Stal jest faworytem, ale wcale nas to nie martwi - rozmowa z Rafałem Dobruckim

Już w niedzielę na stadionie imienia Edwarda Jancarza w Gorzowie wielkie żużlowe emocje. W hicie piątej kolejki ENEA Ekstraligi liderująca w tabeli Stal zmierzy się z mistrzem Polski, Stelmet Falubazem Zielona Góra. Wielkie Derby Ziemi Lubuskiej jak co roku zapowiadają się arcyciekawie.

Jakub Sobczak: Panie trenerze, w niedzielę po raz pierwszy w karierze poprowadzi pan Stelmet Falubaz w lubuskich derbach.

Rafał Dobrucki: Cóż można powiedzieć? Chciałoby się odjechać te zawody jak każde inne w lidze. Niemniej jednak z doświadczenia wiemy, że tak nie jest. Zawsze są to mecze troszeczkę bardziej emocjonujące. Ujmijmy to w ten sposób.

Rozmawiałem z prezesem Robertem Dowhanem, który podkreślał, że te najważniejsze mecze dopiero przed Stelmet Falubazem…

- Na pewno tak jest. Ale zanim dojdzie do play-offów i tych rzeczywiście najważniejszych spotkań, trzeba być w pierwszej czwórce. A jak wiemy jest to niełatwe zadanie. Dlatego każdy mecz w rundzie zasadniczej też jest istotny.

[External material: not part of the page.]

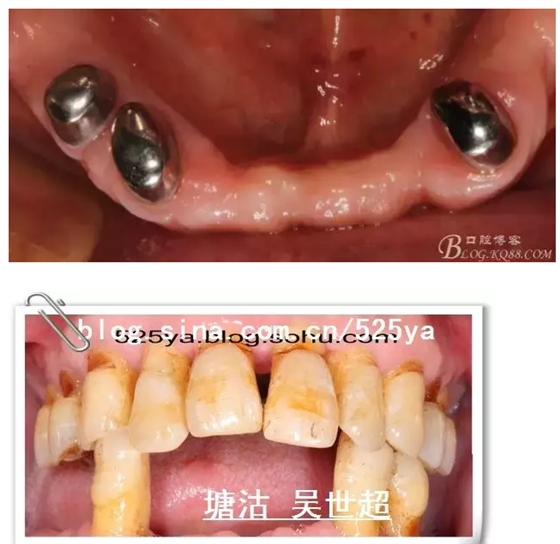 QQ圖片20150728084620.png QQ圖片20150728084620.png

Zgodzi się pan z opinią, że na podstawie dotychczasowych wyników w tym sezonie to Stal Gorzów jest faworytem niedzielnego meczu?

- Tak. Ale wcale nas to nie martwi. Zawsze z takiej pozycji jedzie się nam zdecydowanie lepiej i aby się o tym przekonać wystarczy przeanalizować wyniki zespołu z Zielonej Góry w ostatnich latach.

Jak ocenia pan siłę Stali Gorzów? To rzeczywiście lepsza ekipa niż w tamtym roku?

- Myślę, że tak. Same wyniki osiągane przez gorzowian o tym świadczą. Trudno jednak jeszcze o taką całkiem rzeczową ocenę. Za nami dopiero kilka meczów i jest troszeczkę za wcześnie na daleko idące wnioski. W połowie sezonu zasadniczego będzie można to już powoli ocenić.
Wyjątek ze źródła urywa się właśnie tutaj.